Durch den Sprachgebrauch entstehen Bilder in unserem Kopf. Wenn z.B. von Ingenieuren die Rede ist, fühlen sich weniger Mädchen und Frauen angesprochen, als wenn von Ingenieurinnen und Ingenieuren gesprochen wird. Dann schätzen Mädchen typisch männliche Berufe eher auch als für sich erreichbarer ein. Das hängt damit zusammen, dass wir sofort Bilder im Kopf entwickeln, die genauso wirkungsvoll sind wie echte Bilder. Ich habe Anfang der 1970er Jahre als 12 jähriges Mädchen in Hamburg die erste Busfahrerin gesehen und dachte, oh wow, geht ja auch. Nicht, dass ich das unbedingt hätte werden wollen. Aber die Möglichkeit zu haben, darum ging und geht es auch heute noch!



Sprache beeinflusst unser Denken

Durch Sprache entstehen Bilder in unseren Köpfen. Nicht umsonst habe ich mal diesen schönen Satz gelernt, „Sprache schafft Bewusstsein“. Werden nur Jungs oder Männer genannt, spiegelt sich das in unseren gedanklichen Vorstellungen wieder. 

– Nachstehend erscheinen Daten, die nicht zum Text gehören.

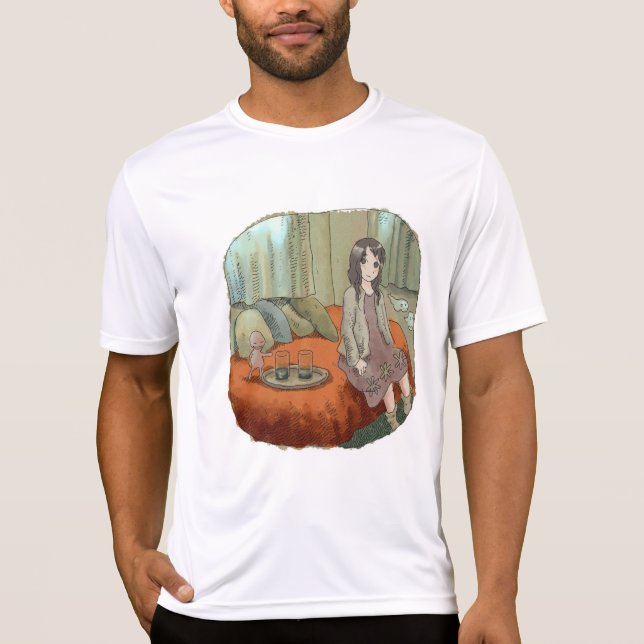 Sarajishi T-Shirt (Front)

Sprachrätsel und Denkfehler

Vater und Sohn fahren im Auto. Sie haben einen schweren Unfall, bei dem der Vater sofort stirbt. Der Junge wird mit schweren Kopfverletzungen in ein Krankenhaus gebracht, in dem ein Chef-Chirurg arbeitet, der ein bekannter Spezialist für Kopfverletzungen ist. Die Operation wird vorbereitet, alles ist fertig, als der Chef-Chirurg erscheint, blass wird und sagt: "Ich kann nicht operieren, das ist mein Sohn!"
Frage: In welchem Verwandtschaftsverhältnis stehen der Chirurg und das Kind?"
Lösung: Der Chirurg ist die Mutter des Kindes also eigentlich die Chirurgin



In einem inzwischen vielfach wiederholten Experiment wurde eine erste Gruppe nach berühmten Politikern, Sportlern, Schriftstellern, Malern usw. befragt und die zweite Gruppe nach berühmten Politikerinnen und Politikern, Sportlerinnen und Sportlern, Schriftstellerinnen und Schriftstellern, Malerinnen und Malern usw. Die Ergebnisse zeigten: in der zweiten Gruppe gab es bis zu einem Drittel mehr Nennungen von Frauen als in der ersten Gruppe
(Elke Heise, 2000; Dagmar Stahlberg und Sabine Sczensy, 2001).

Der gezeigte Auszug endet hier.